Public-key Cryptography (Asymmetric Encryption)
Public-key Cryptography (Asymmetric Encryption) uses a separate key for encryption and decryption. Anyone can use the encryption key (public key) to encrypt a message. However, decryption keys (private keys) are secret. This way only the intended receiver can decrypt the message. The most common asymmetric encryption algorithm is RSA.
Asymmetric keys are typically 1024 or 2048 bits. However, keys smaller than 2048 bits are no longer considered safe to use. 2048-bit keys have enough unique encryption codes that we won’t write out the number here (it’s 617 digits).
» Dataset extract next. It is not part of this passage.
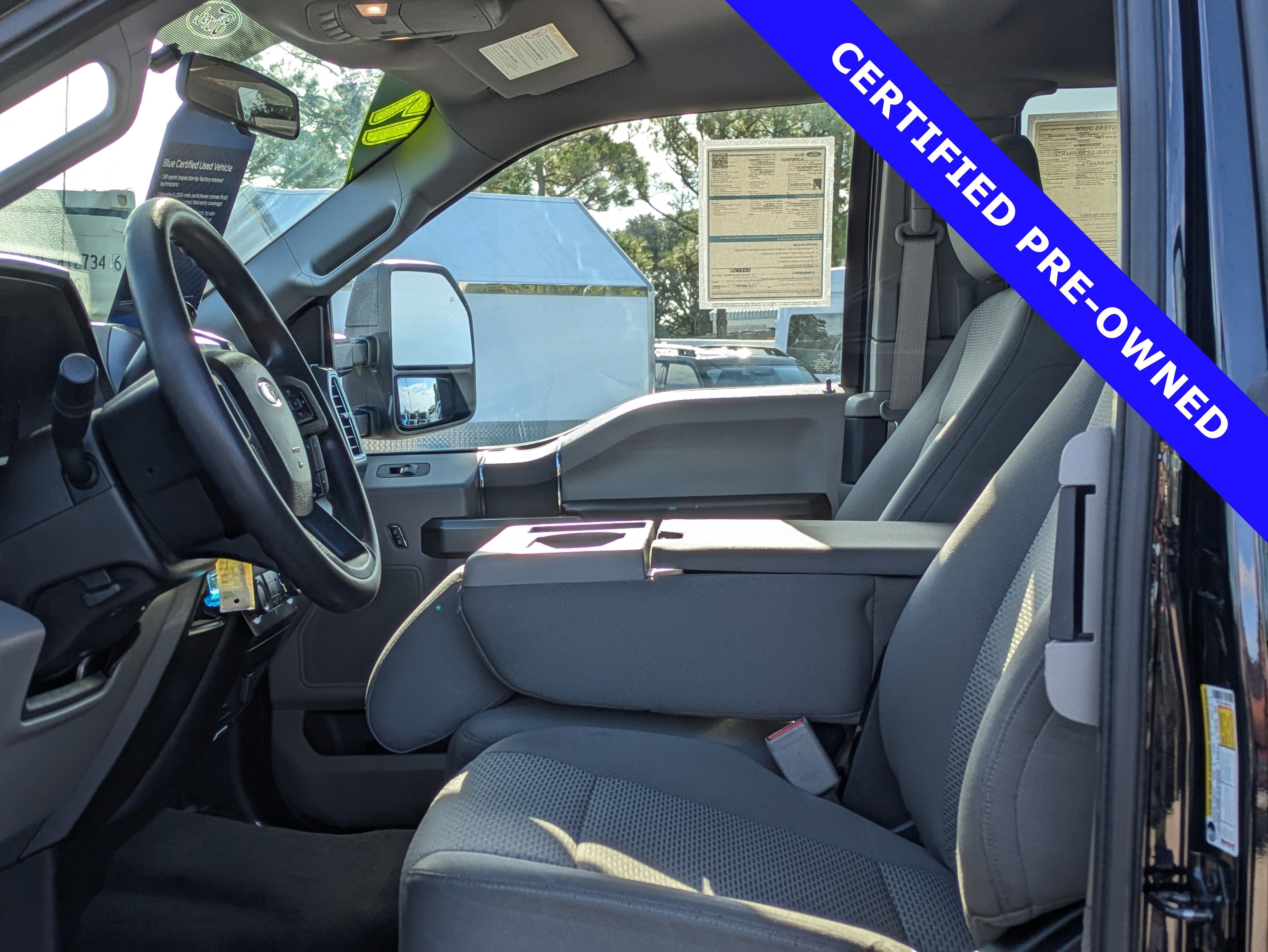 Certified 2017 Ford F250 XLT w/ XLT Value Package image 16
Though larger keys can be created, the increased computational burden is so significant that keys larger than 2048 bits are rarely used. To put it into perspective, it would take an average computer more than 14 billion years to crack a 2048-bit certificate.
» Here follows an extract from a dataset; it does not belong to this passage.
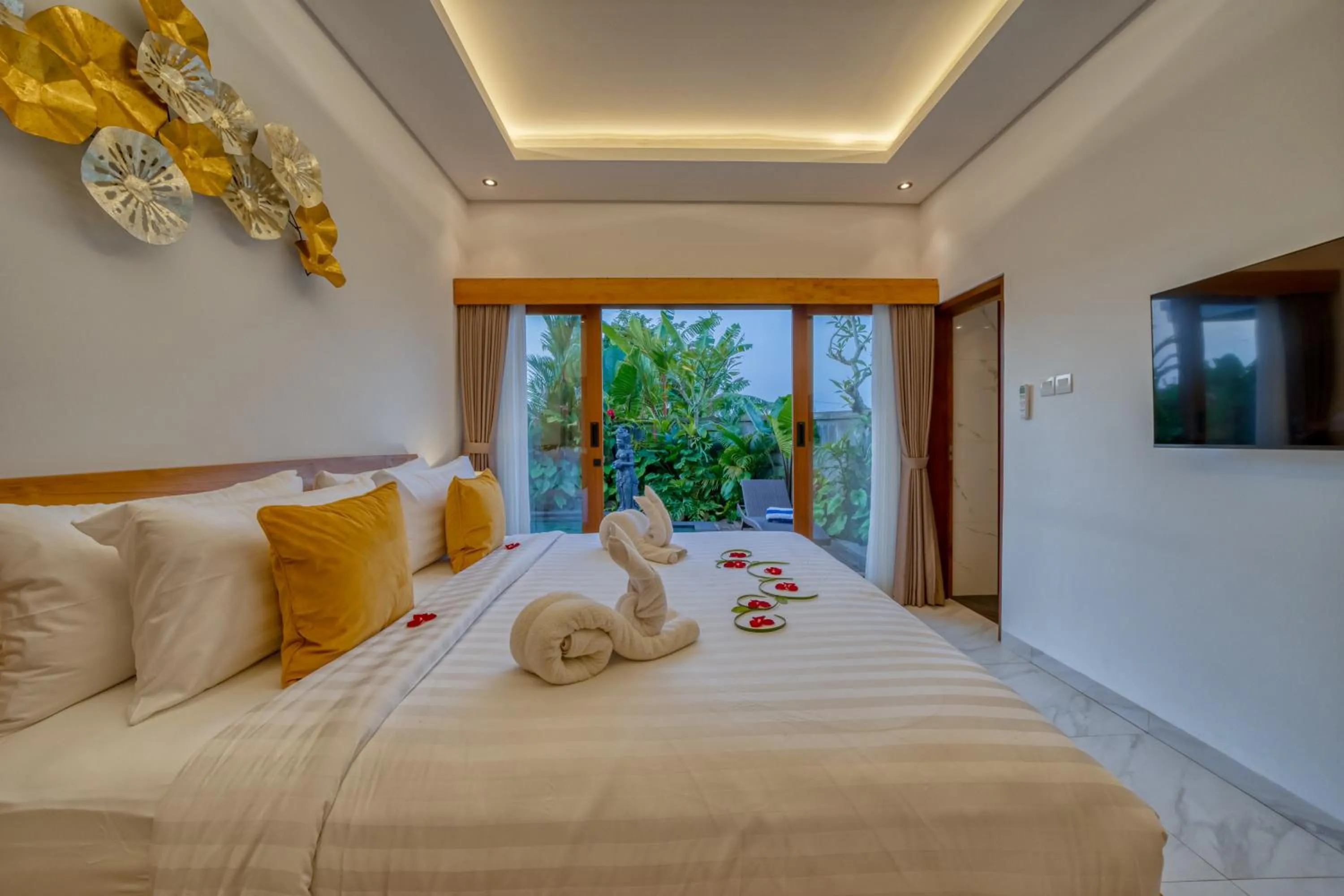 View (from property/room), Bed in Villa Mirah Ubud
Since asymmetric keys are bigger than symmetric keys, data that is encrypted asymmetrically is tougher to crack than data that is symmetrically encrypted. However, this does not mean that asymmetric keys are better. Rather than being compared by their size, these keys should compared by the following properties: computational burden and ease of distribution.
How SSL Uses both Asymmetric and Symmetric Encryption?
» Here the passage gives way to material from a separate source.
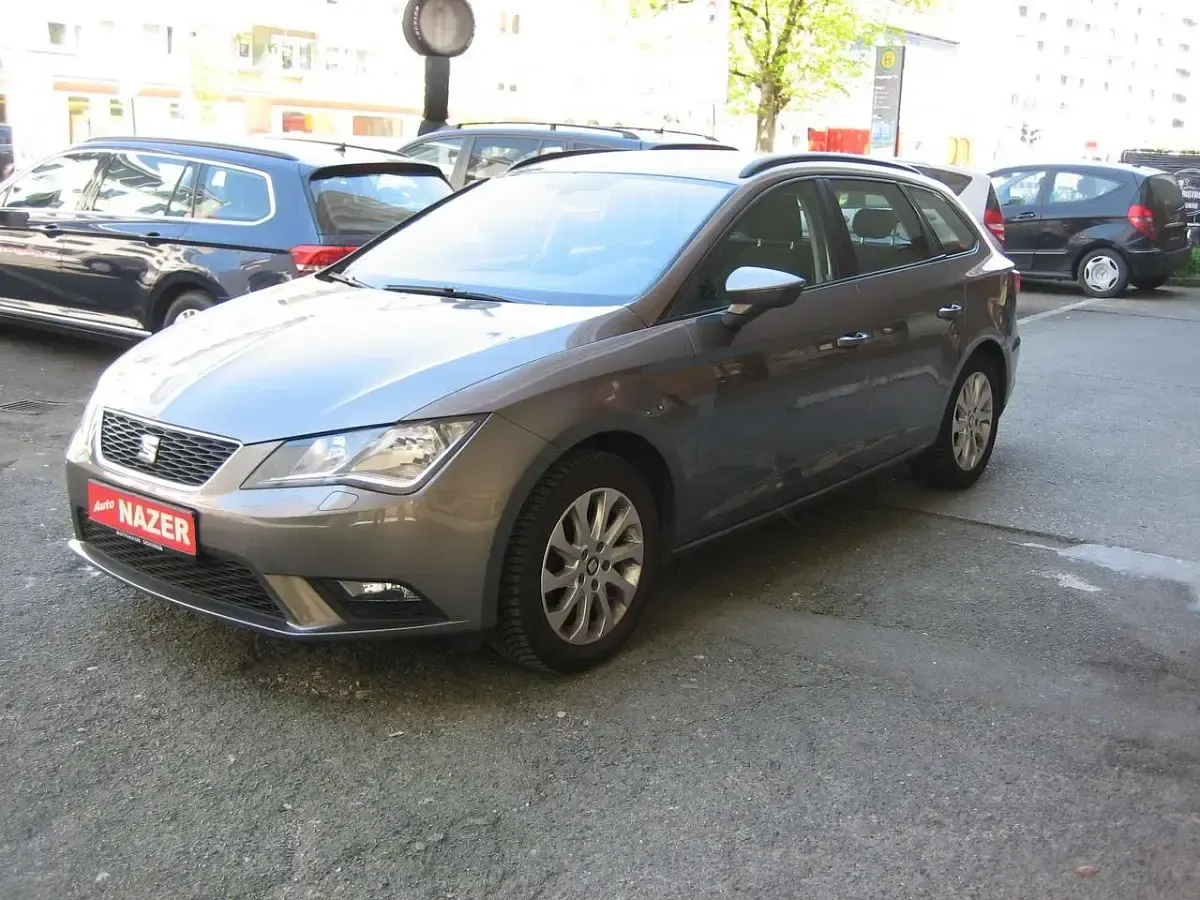 Second-hand Seat Leon Style 105 CP (77 kW) 2014 Gri Break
Public Key Infrastructure (PKI) is the set of hardware, software, people, policies, and procedures that are needed to create, manage, distribute, use, store, and revoke digital certificates. PKI is also what binds keys with user identities by means of a Certificate Authority (CA). PKI uses a hybrid cryptosystem and benefits from using both types of encryption. For example, in SSL communications, the server’s SSL Certificate contains an asymmetric public and private key pair. The session key that the server and the browser create during the SSL Handshake is symmetric. This is explained further in the diagram below.
- Server
sends a copy of its asymmetric public key.
- Browser creates a symmetric session key and encrypts it with the server's asymmetric public key. Then sends it to the server.
- Server decrypts the encrypted session key using its asymmetric private key to get the symmetric session key.
- Server and Browser now encrypt and decrypt all transmitted data with the symmetric session key. This allows for a secure channel because only the browser and the server know the symmetric session key, and the session key is only used for that session. If the browser was to connect to the same server the next day, a new session key would be created.
Public-Key Encryption Algorithms
Public-key cryptography (asymmetric) uses encryption algorithms like RSA and Elliptic Curve Cryptography (ECC) to create the public and private keys. These algorithms are based on the
intractability* of certain mathematical problems.
With asymmetric encryption it is computationally easy to generate public and private keys, encrypt messages with the public key, and decrypt messages with the private key. However, it is extremely difficult (or impossible) for anyone to derive the private key based only on the public key.
- RSA
RSA is based on the presumed difficulty of factoring large integers (integer factorization). Full decryption of an RSA ciphertext is thought to be infeasible on the assumption that no efficient algorithm exists for integer factorization. A user of RSA creates and then publishes the product of two large prime numbers, along with an auxiliary value, as their public key. The prime factors must be kept secret. Anyone can use the public key to encrypt a message, but only someone with knowledge of the prime factors can feasibly decode the message.RSA stands for Ron Rivest, Adi Shamir, and Leonard Adleman— the men who first publicly described the algorithm in 1977.
- ECC
Elliptic curve cryptography (ECC) relies on the algebraic structure of elliptic curves over finite fields. It is assumed that discovering the discrete logarithm of a random elliptic curve element in connection to a publicly known base point is impractical.
The use of elliptic curves in cryptography was suggested by both Neal Koblitz and Victor S. Miller independently in 1985; ECC algorithms entered common use in 2004.
The advantage of the ECC algorithm over RSA is that the key can be smaller, resulting in improved speed and security. The disadvantage lies in the fact that not all services and applications are interoperable with ECC-based SSL Certificates.